The value you read on the y-axis of the chart is the minimum distance you need to accomplish the stated phase of flight under the given conditions. As a reminder, there will be different charts for different phases of flight. A phase of flight may have multiple charts. An example of this is a chart with flaps and a chart without flaps. Make sure you are using the correct charts and conditions for your aircraft and situation.

I am trying to solve a numerical problem related to determining take-off roll using a take-off distance graph. The parameters are Temp: 90F, Press. alt: 2000ft, wt: 2500lbs, headwind: 20 Knots. I got the following graph (solid red lines):

My questions/clarifications are as follows:

1. It looks like the first reference line is the "density altitude", correct?
2. Looks like the second section of the graph is a relationship between aircraft weight and take-off roll (where take-off roll distances are represented vertically on the second reference) at various density altitudes. This seems to make sense because for a certain weight, if I go up, meaning I intercept higher density altitudes, the take-off roll increases.
3. It is not very clear to me the plotting of the diagonal lines. The way I understood it is that they go from the point of interception of the reference line to a point on the vertical weight line which is midway between the inclined curves intercepting that vertical weight line.

You need to read such graphs strictly from left to right. Each new panel adds the influence of another parameter, and when you are done, the result is corrected for altitude, take-off weight, wind and obstacle height. Except for the leftmost panel, the groups of lines only help you to find the correct slope and do not represent a certain altitude.

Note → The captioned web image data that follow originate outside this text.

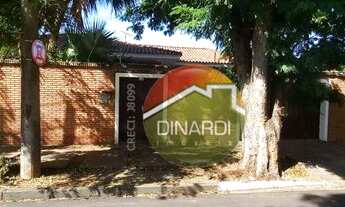 Imagem 3: Casa com 4 dormitórios para alugar, 246 m² por R$ 4.500,01/mês - Jardim Canadá - Ribeirão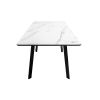 Masa Extensibila MB-96, 120-160x80x76 cm, sonoma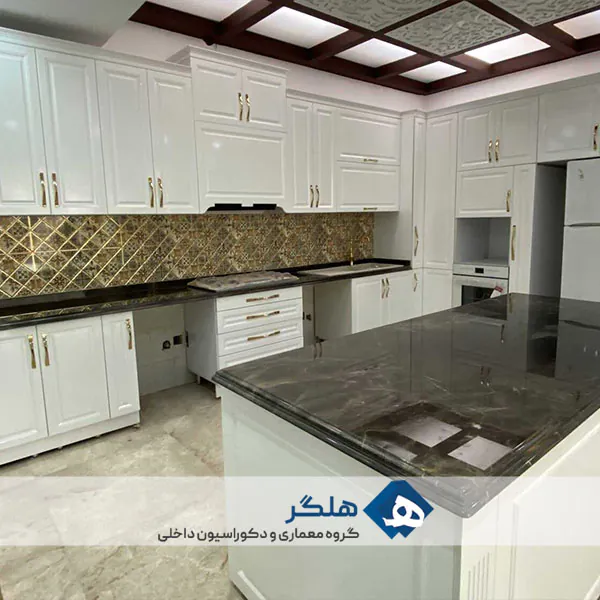 مسکونی نئوکلاسیک مینی سیتی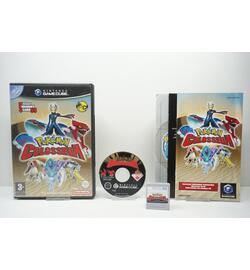 Pokemon Colosseum With Memory Card
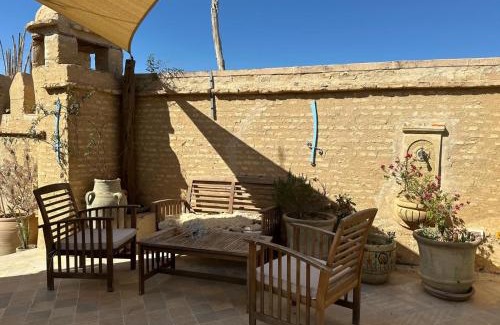 Hamma House | Suite Dôme Jasmin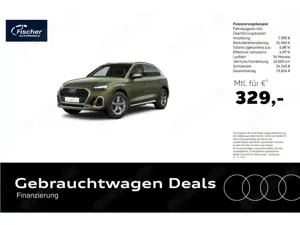 Audi Q5 40 TDI qu. S line AHK/NAV/LED/RFK/el.Klappe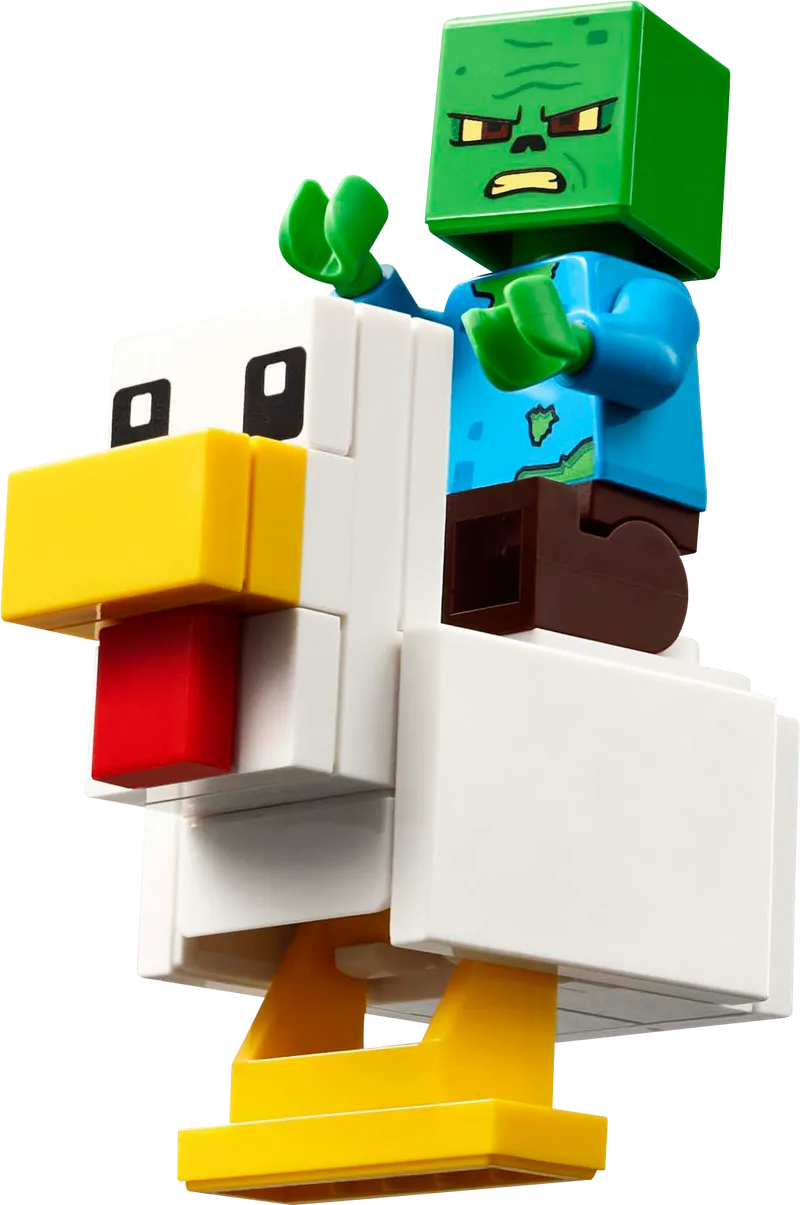 LEGO The Arena at the Forest Manor 21272 Minecraft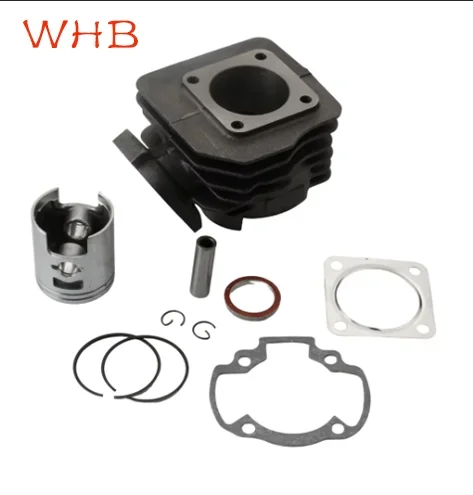 HIGH PRODUCT MOTOCYCLE Scooter Big Bore Cylinder Block Kit For Honda Dio AF18 AF27 AF28 Shadow 50 SRX50 AF42 47mm 2T 70cc Dio50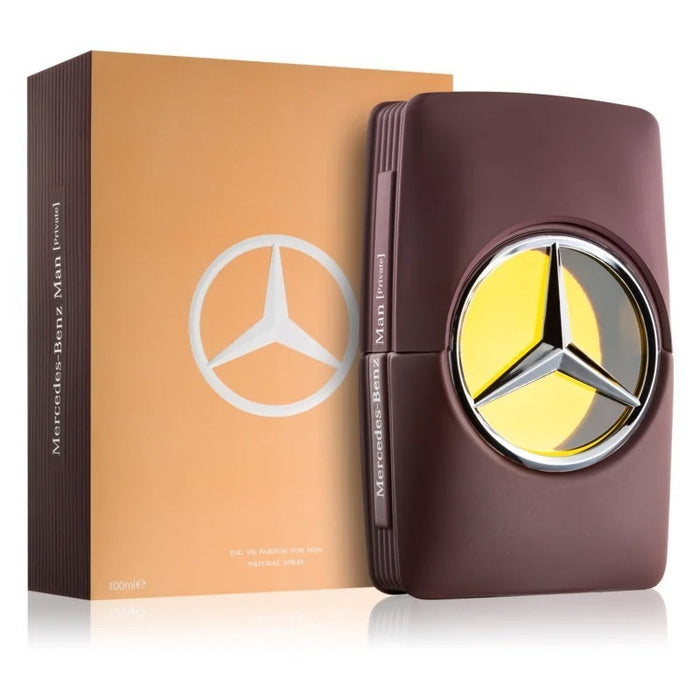 Mercedes Benz Man Private Mercedes-Benz for men - Eau De Parfum - 100ml (7151983362244)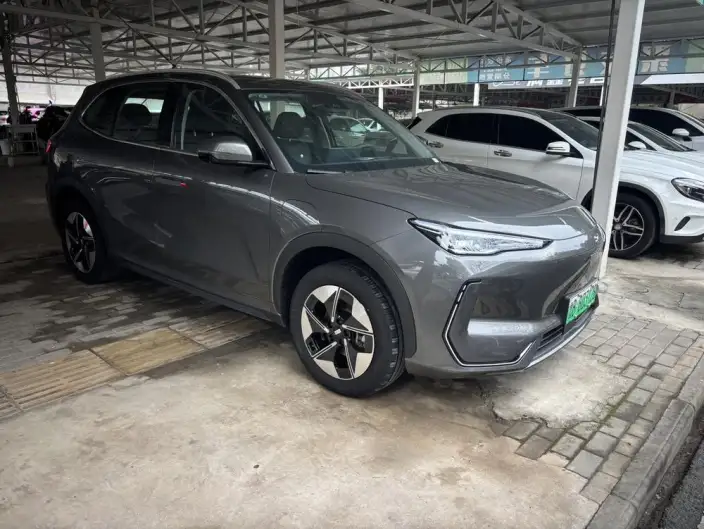 Geely Galaxy E5 2026 Model 610km Tiggo + Edition – фото 1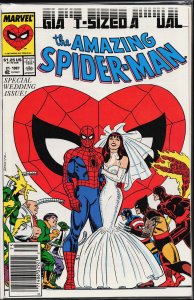 The Amazing Spider-Man Annual #21 (1987) Spider-Man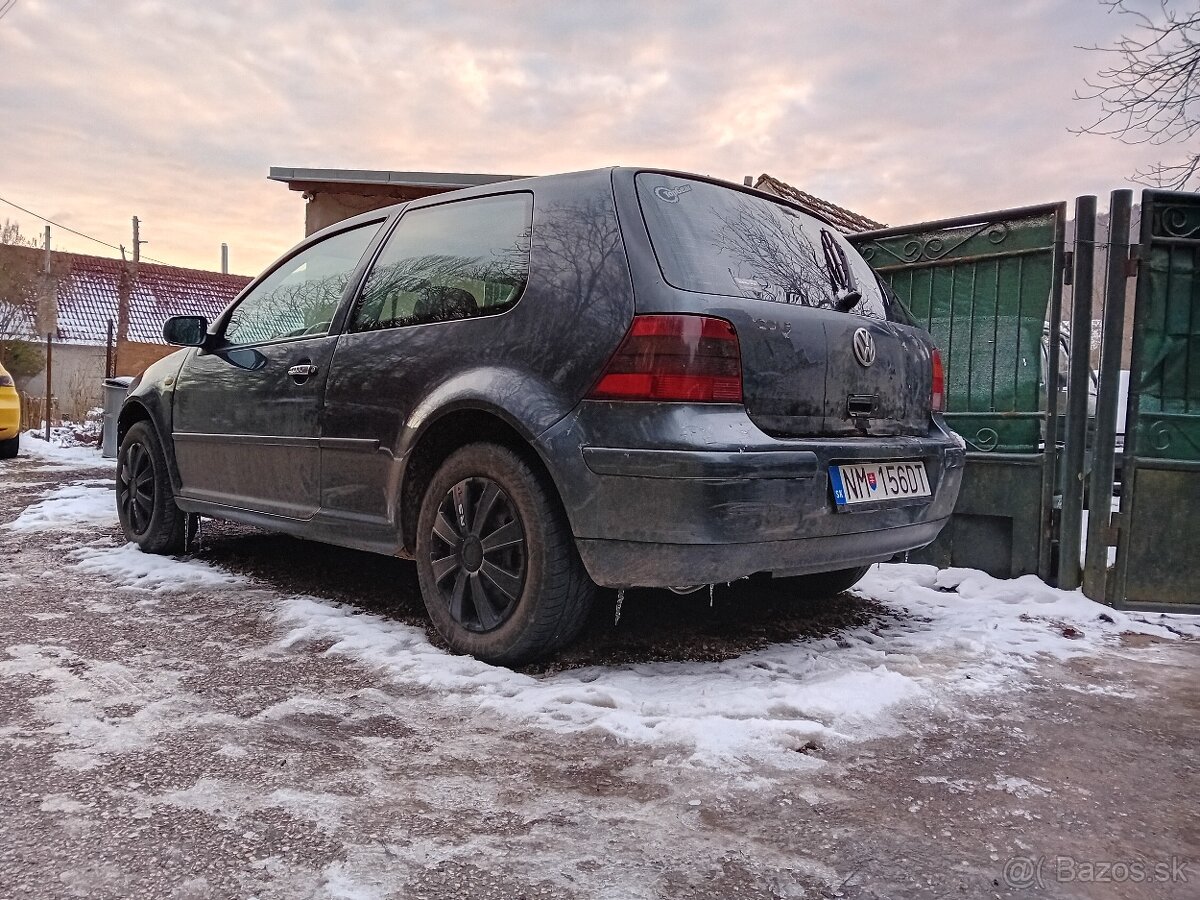 Volkswagen Golf MK4 1.4 16V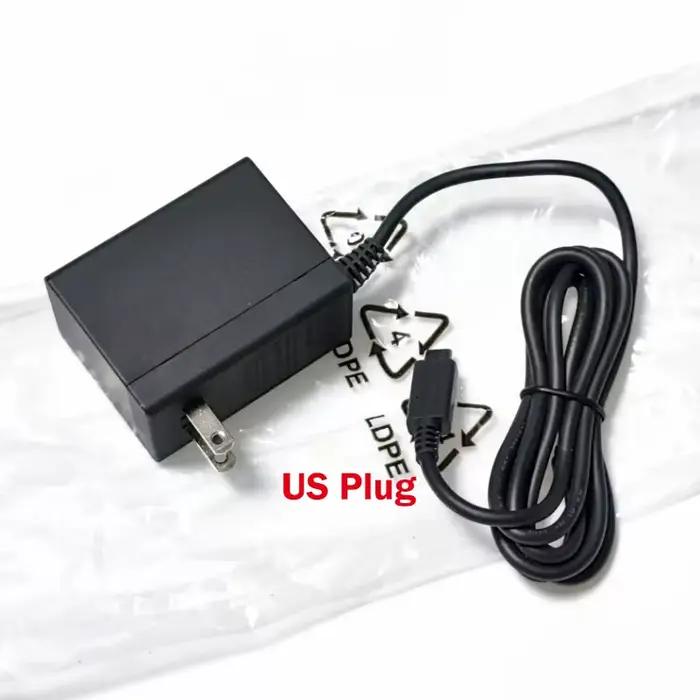 Adaptateur secteur HAC-002 d'origine NEUF pour chargeur Nintendo Switch, compatible NS Oled Lite, pr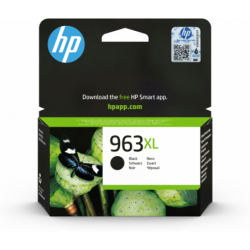 TINTA HP 963XL NEGRO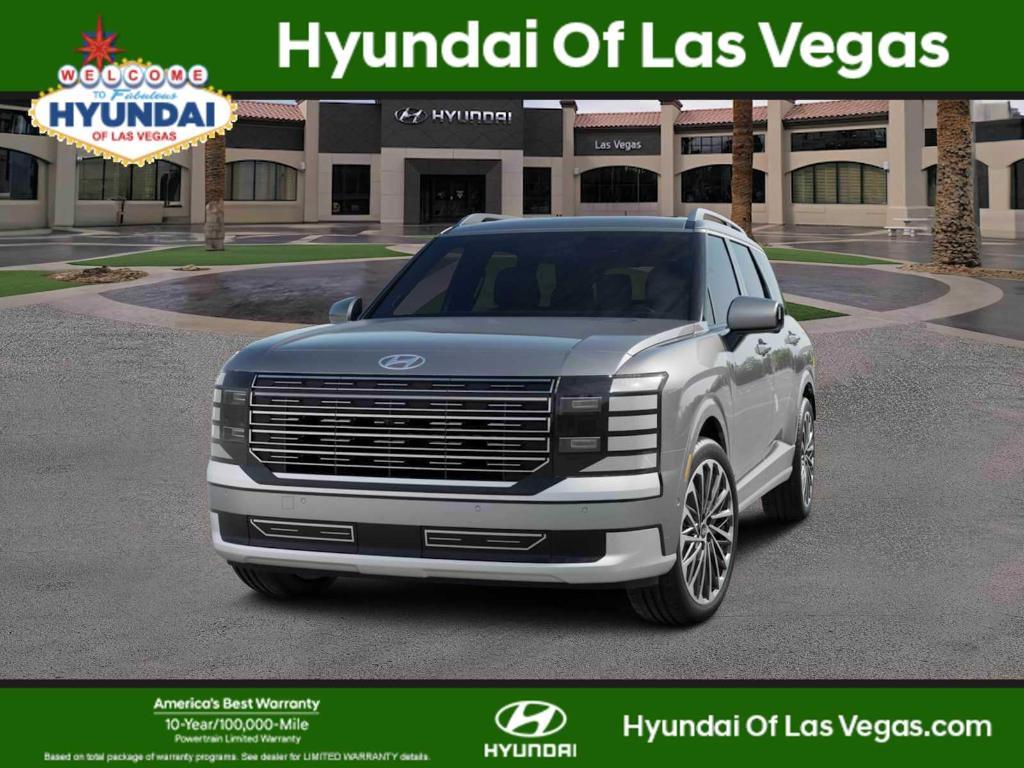 new 2026 Hyundai Palisade Hybrid car, priced at $59,890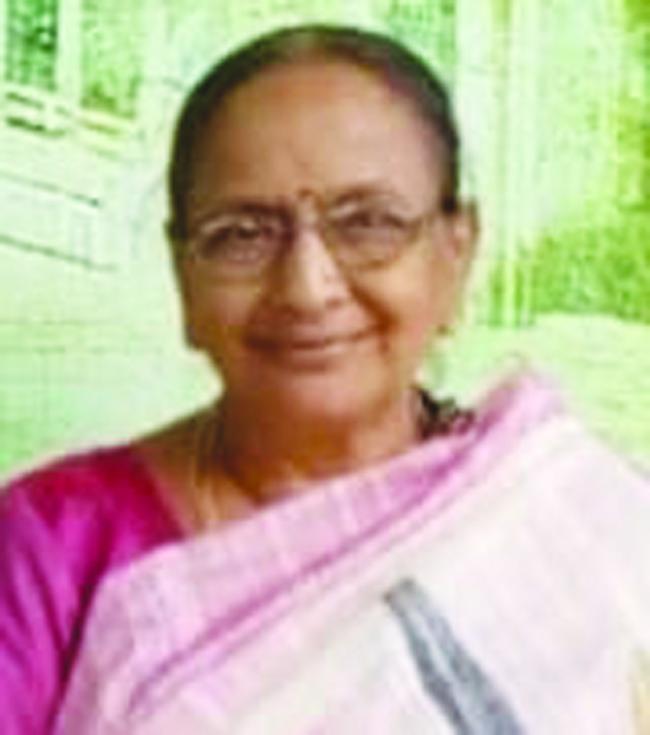 ನಿಧನ ವಾರ್ತೆ : 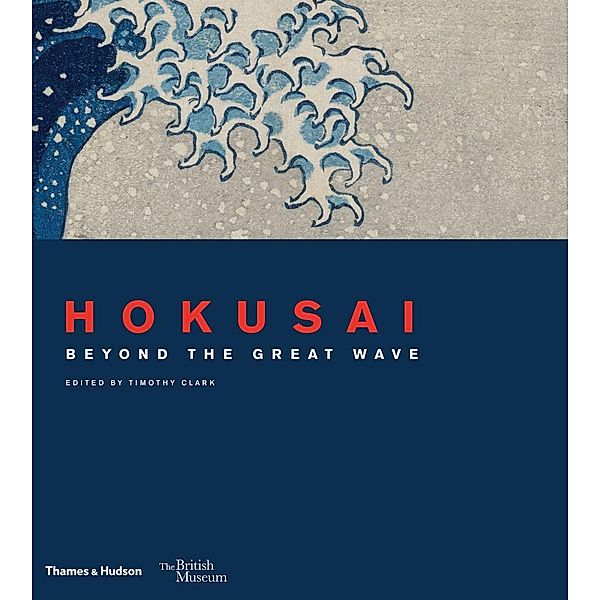 Hokusai, Roger Keyes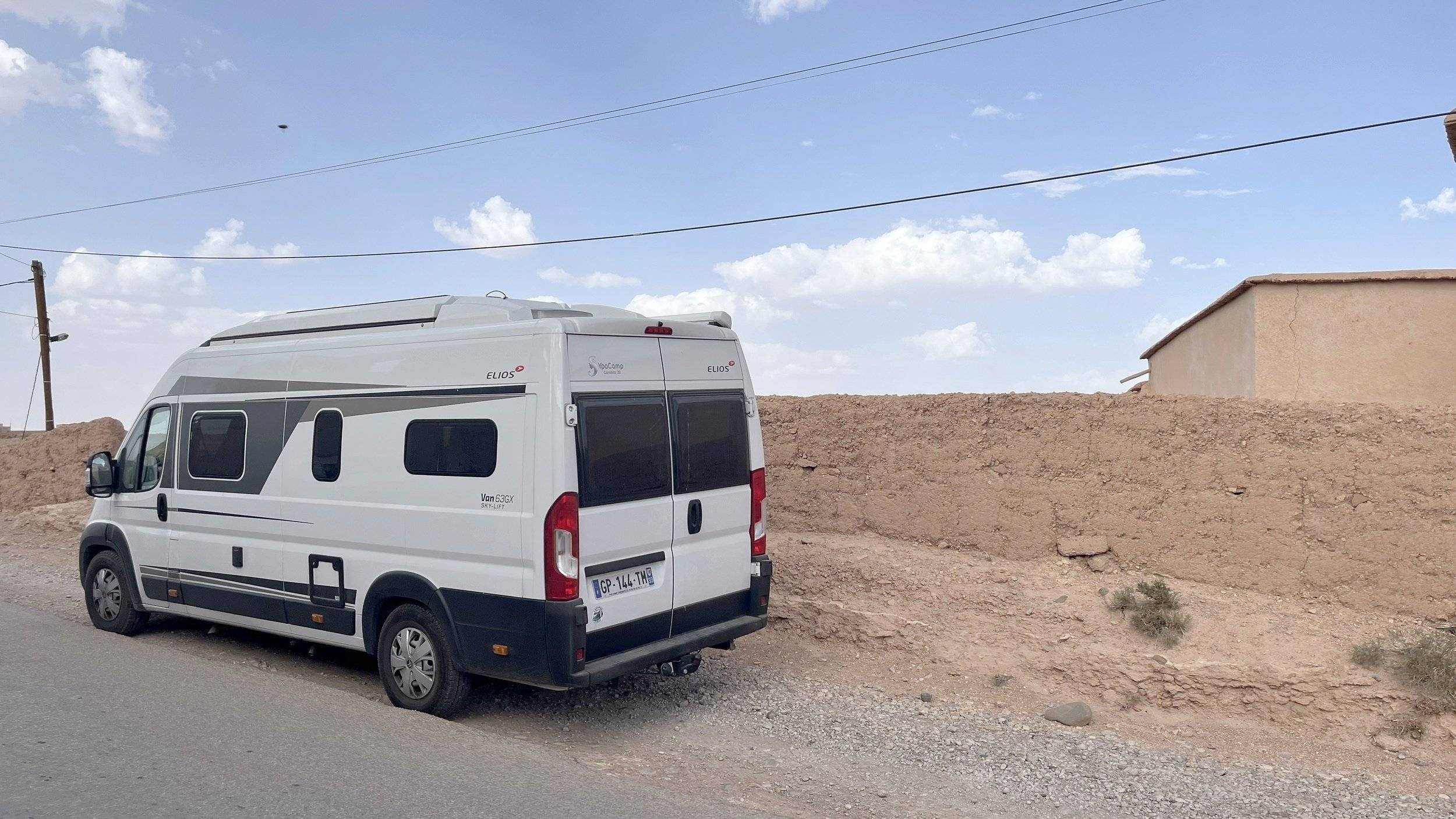 Elios 63 GX SKYLIFT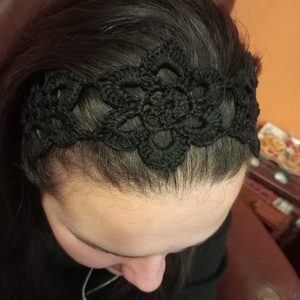 Hajpánt - ruha & divat - hajdísz & hajcsat - hajráf & hajpánt - Meska.hu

You start with the outside air temperature. Pick what the instrument in your cockpit indicates, and go from the temperature axis straight up until you intercept the line which is closest to your given pressure altitude. This can be read directly from the altimeter if it is set correctly. You can try to interpolate between lines, but to be safe pick the next higher value.

Next, move horizontally to the first reference line. From there, follow the slope of the lines until you intercept the x-position which corresponds to your aircraft's mass. If you start between two lines, you should move such that the relative vertical distance to the neighboring lines does not change. Note that the take-off mass is also a value you should know already if your preflight was done properly.

From that point, jump off horizontally until you intercept the next reference line. Depending on wind direction, follow either the dashed or the solid lines until you arrive at the x-position which corresponds to the wind component in runway direction. You will note that for headwind you will move slightly down, so headwind shortens the take-off distance. Makes sense, right?

The last panel helps you to find both the take-off roll (obstacle height zero) and the take-off distance over a 50 ft obstacle. Here you can only extract the values at the x-positions 0 and 50 and interpolation will not work. The y-axis all the way on the right now will tell you the distances in feet.

The reference lines show the values for the standard take-off at MTOW and calm wind. The examples given by the red lines are for two different situations:

1. Solid red line: OAT is 90°F, pressure altitude is 2000ft MSL, take-off mass is 2500lbs and with a headwind of 20kts the take-off roll is 500ft. At this point your speed should be 62kts (see table). This is the result for your first question.
2. Dashed red line: OAT is 15°C, pressure altitude is 6000ft MSL (rounded up from 5650ft), take-off mass is 2950lbs and with a headwind of 9kts your take-off roll is 1400ft and the distance needed to clear the 50ft obstacle at 1.3*stall speed is 2300ft.